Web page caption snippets
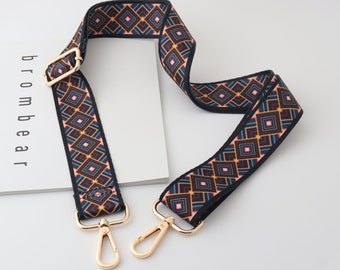 3.8cm Width Handmade Bag Strap- Crossbody Striped Detachable-Brown Bag Strap-Bohemian Bag Strap-Shoulder Strap-Nylon Crossbody Bag Strap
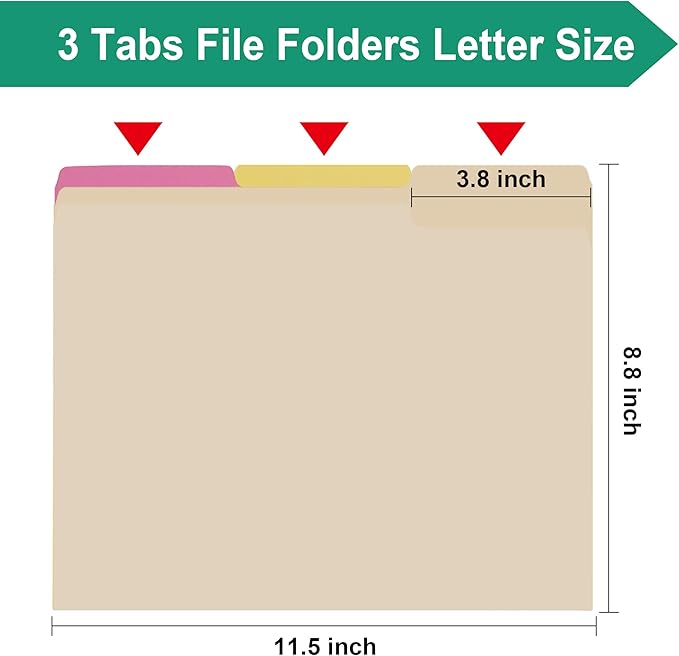 Manilla File Folder,1/3 Cut Tab,Letter Size Folders,Great for Organizing and Easy File Storage,18 Per Box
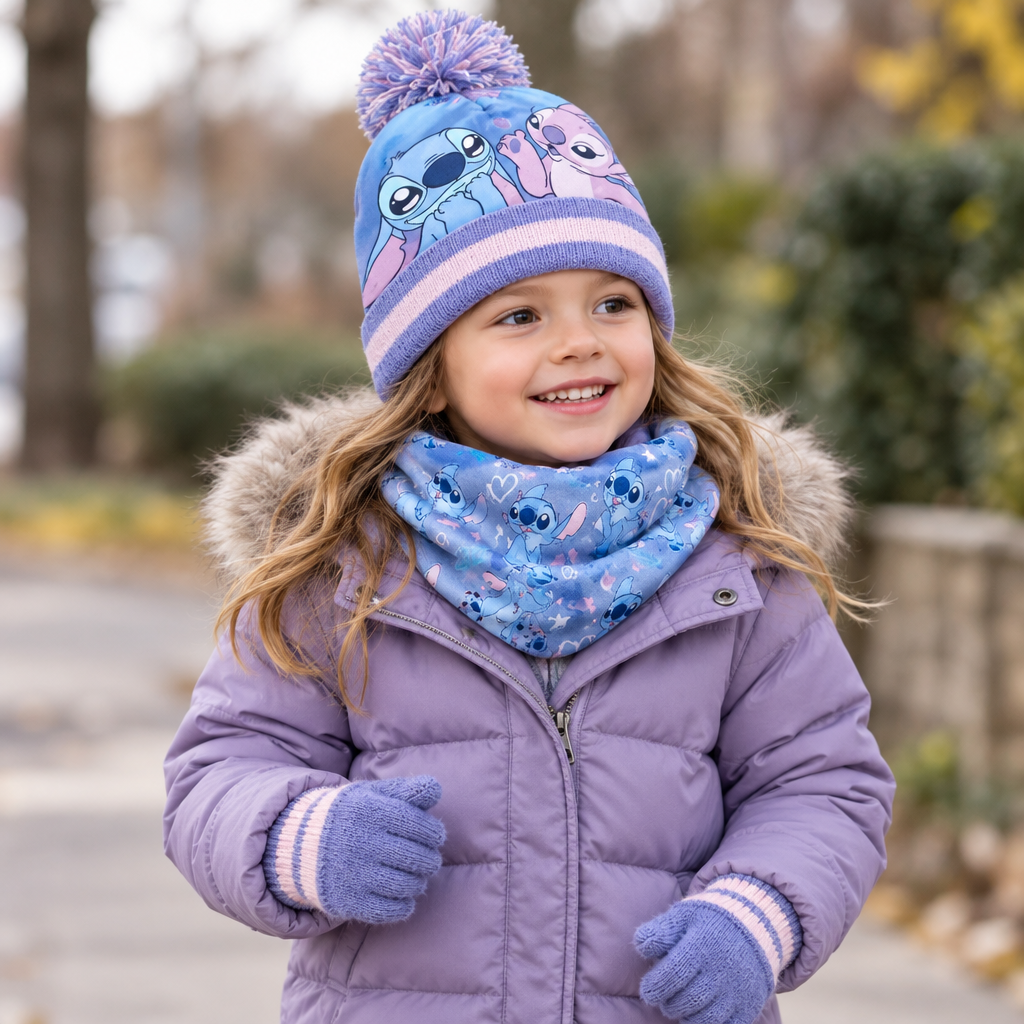 Bambino con cappello e scaldacollo Stitch blu e viola, con guanti abbinati.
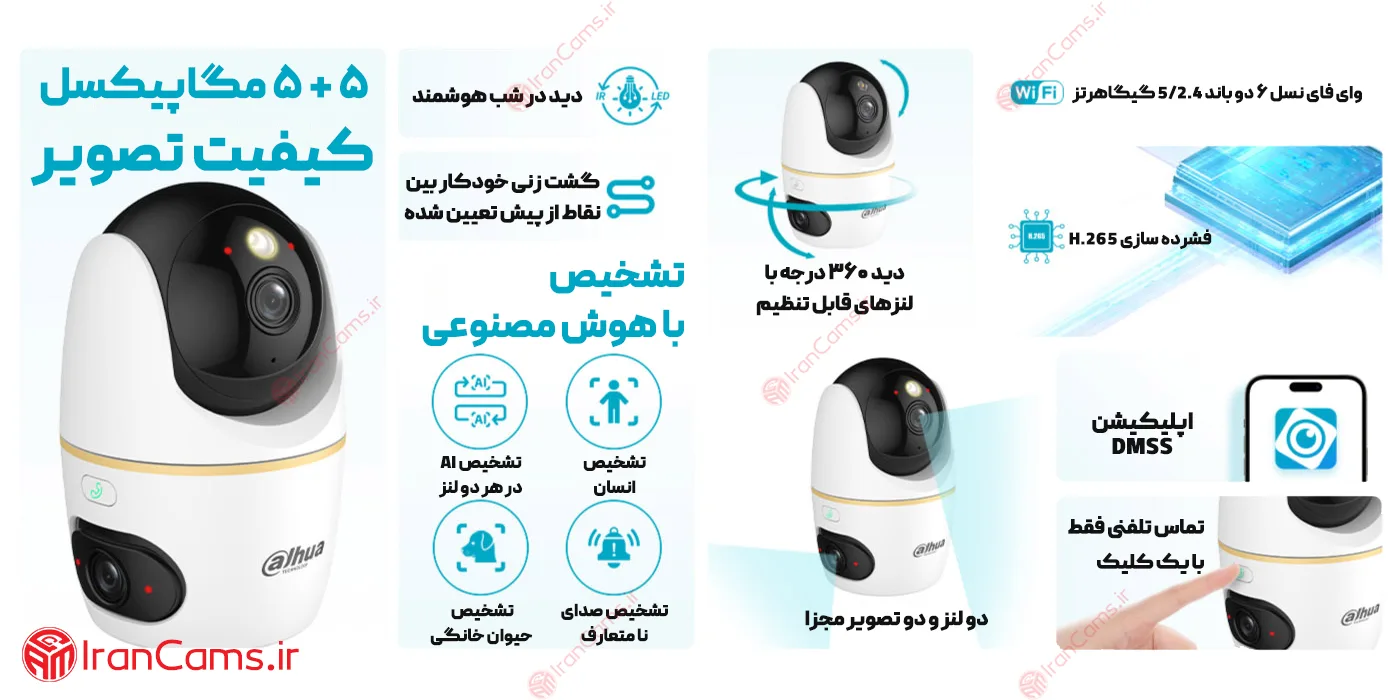 دوربین بی سیم دو لنز داهوا DH-H5D-5F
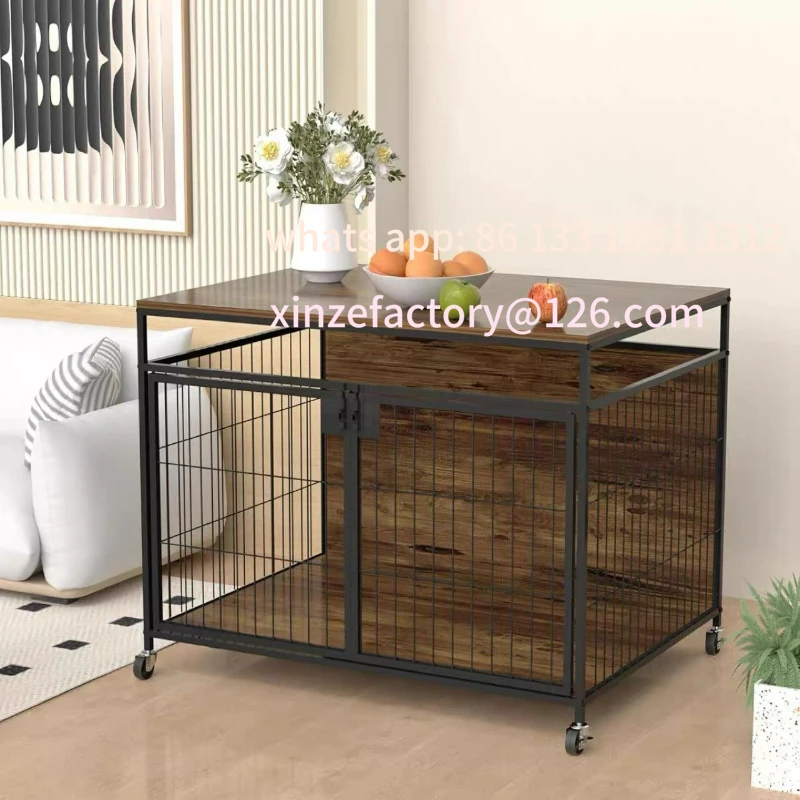 

Customizable Deluxe Ironwood Pet Cage Indoor Dog Cage, Thickened Anti-Bite, Removable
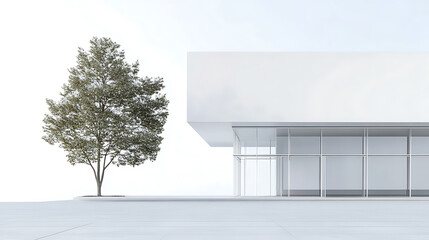Poster - A mockup of a white background billboard on a building with a clipping path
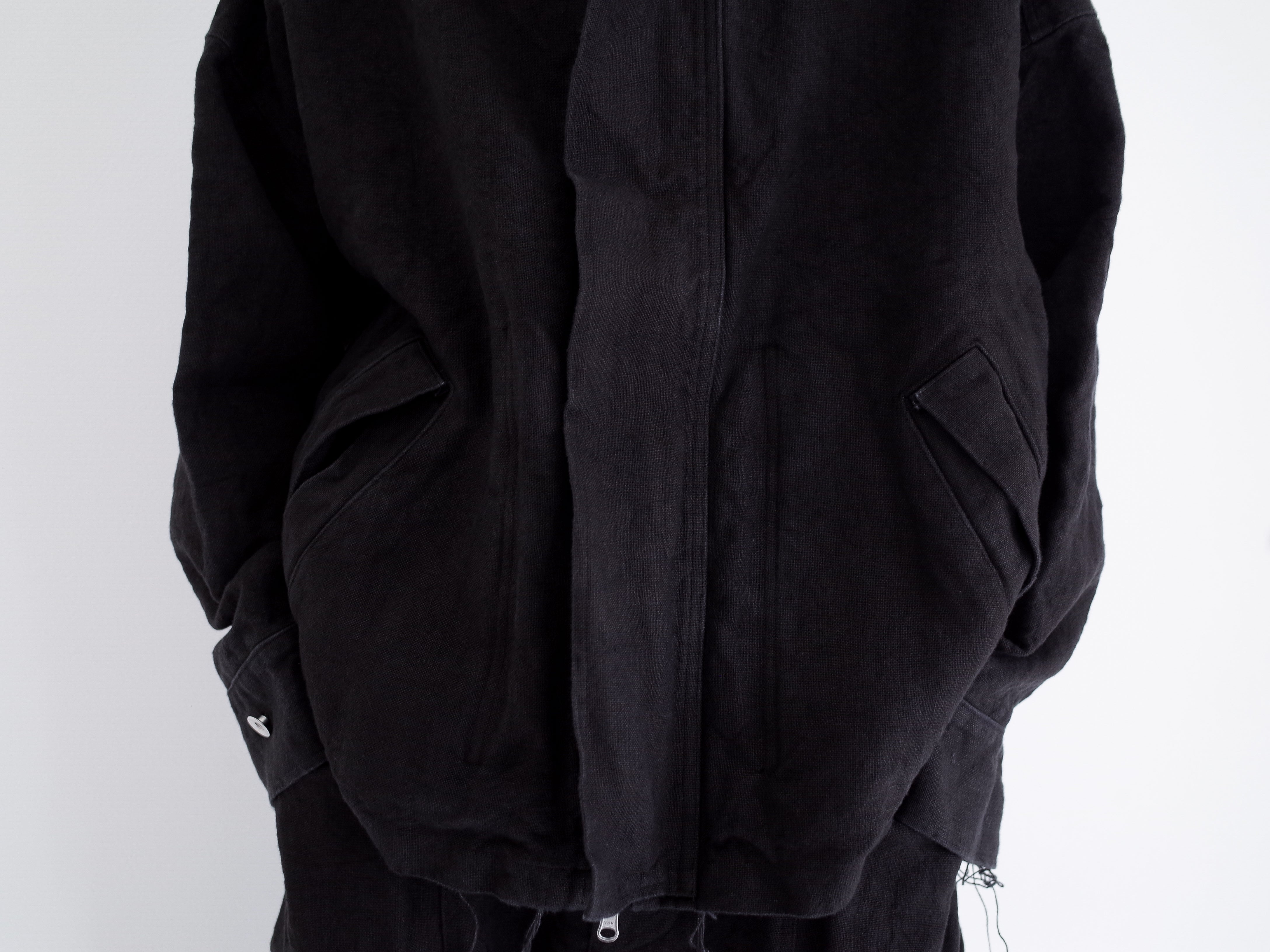 BLACK LINEN REVERSIBLE JACKET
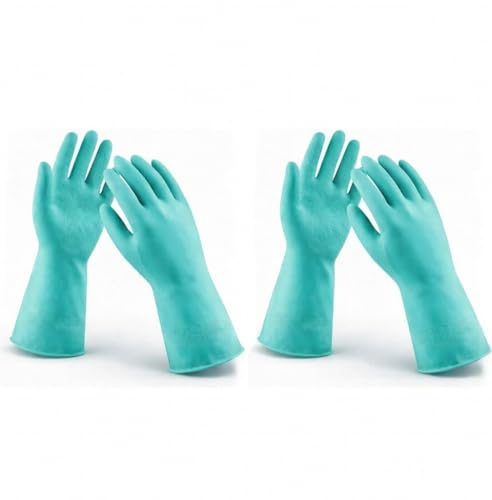 Image of LADWA Premium Rubber Cleaning Gloves, Green Color Reusable Waterproof Household Gloves for Kitchen Cleaning, Dishwashing, Gardening and Bathroom Use with Comfortable Fit (Pack of 2 Pairs)
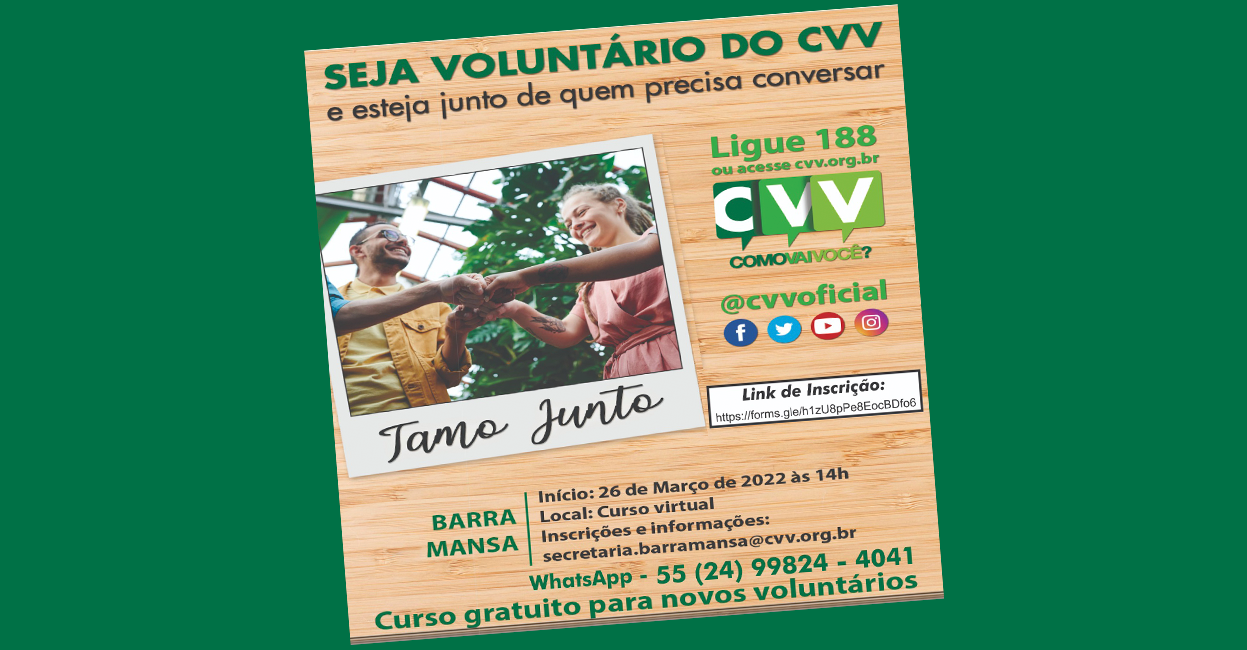 Foto - O CVV Barra Mansa abre inscrições para o curso de seleção e capacitação de novos voluntários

* [Assignment]: From the line containing "Image of LADWA" to the last line of the records, inclusive, output the lines exactly as written and nothing else; leave out the pictures.

* [Answer for the task]:
 Image of LADWA Premium Rubber Cleaning Gloves, Green Color Reusable Waterproof Household Gloves for Kitchen Cleaning, Dishwashing, Gardening and Bathroom Use with Comfortable Fit (Pack of 2 Pairs)
 Foto - O CVV Barra Mansa abre inscrições para o curso de seleção e capacitação de novos voluntários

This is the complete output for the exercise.